At some point during our new Gilded Age, as the United States and the world have become more unequal, did Prince Charming die? His cohort of have-yachts have made themselves newly and counterproductively available to our imaginations, posting on social media, sometimes using their own platforms, their glamor dissipating with every bid for laughs or likes. A woman in want of blue-chip fantasy fodder can take her pick from a sickly crop of tech tycoons—Elon Musk, for example, might solicit her to bear one of his “legion” of children via I.V.F. Or perhaps she’d prefer to sign up for membership in the train wreck of the British Royal Family?

A spate of television and books scrutinizing the one per cent attests to the difficulty of romanticizing the pursuit of wealth, especially when it is coupled with the pursuit of love. In the first season of “The White Lotus,” a journalist who marries a Master of the Universe type is promptly labelled a trophy wife.

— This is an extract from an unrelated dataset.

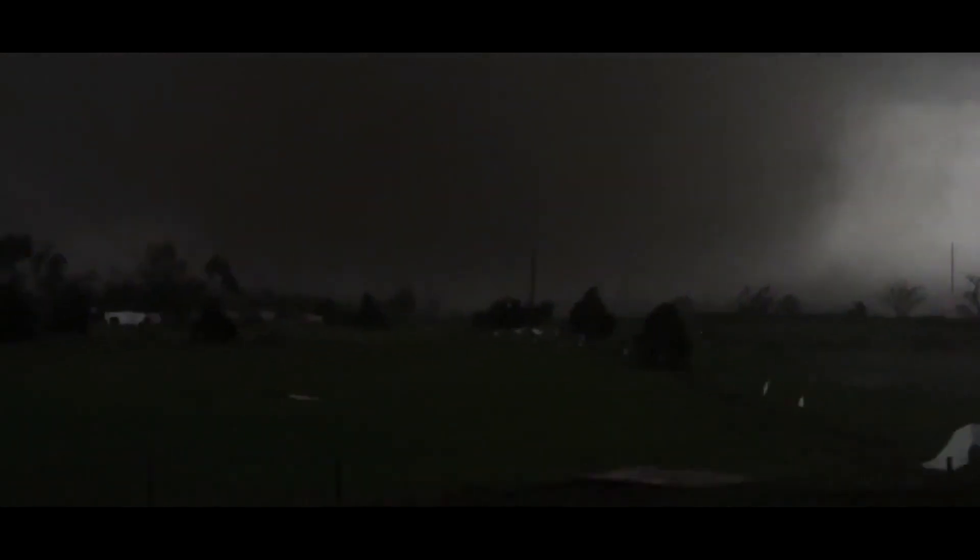I am detecting debris in this storm with our radar. You can see the radar on the right-hand side of your television screen. That heat signature that you see right there is debris that is in this storm. This storm is turning more right. This is going to stay more in Cleveland County. Right along Southwest 149th Street, I am detecting significant debris within this tornado from our radar. And it hits Southwest 149th Street, turns into Southwest 19th Street, then into Moore.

None of the Roys’ intimate relationships in “Succession” beat the charges of opportunism. (Indeed, the purest and most passionate liaison on that show develops between Tom and Greg.) Morally compromised marriages of convenience are even a plot point in the Star Wars spinoff “Andor”: in order to secure funds for her revolutionary organizing, Senator Mon Mothma must pair off her daughter with the son of a scheming magnate.

“Materialists,” a new film by Celine Song, is the latest instance of this trend. The film unfolds in the world of high-end dating services and weddings that cost hundreds of thousands of dollars. Lucy (Dakota Johnson) is a matchmaker for a boutique company called Adore, where she fields demands from absurdly choosy and unrealistic clients, who are not seeking a connection with another person so much as they are a designer accessory. Their relationship specifications are ludicrously precise: a man in his forties wants a mature twenty-seven-year-old; another man’s definition of “fit” is “nothing over twenty B.M.I.” and a woman’s least negotiable criterion is a high-six-figure salary at minimum.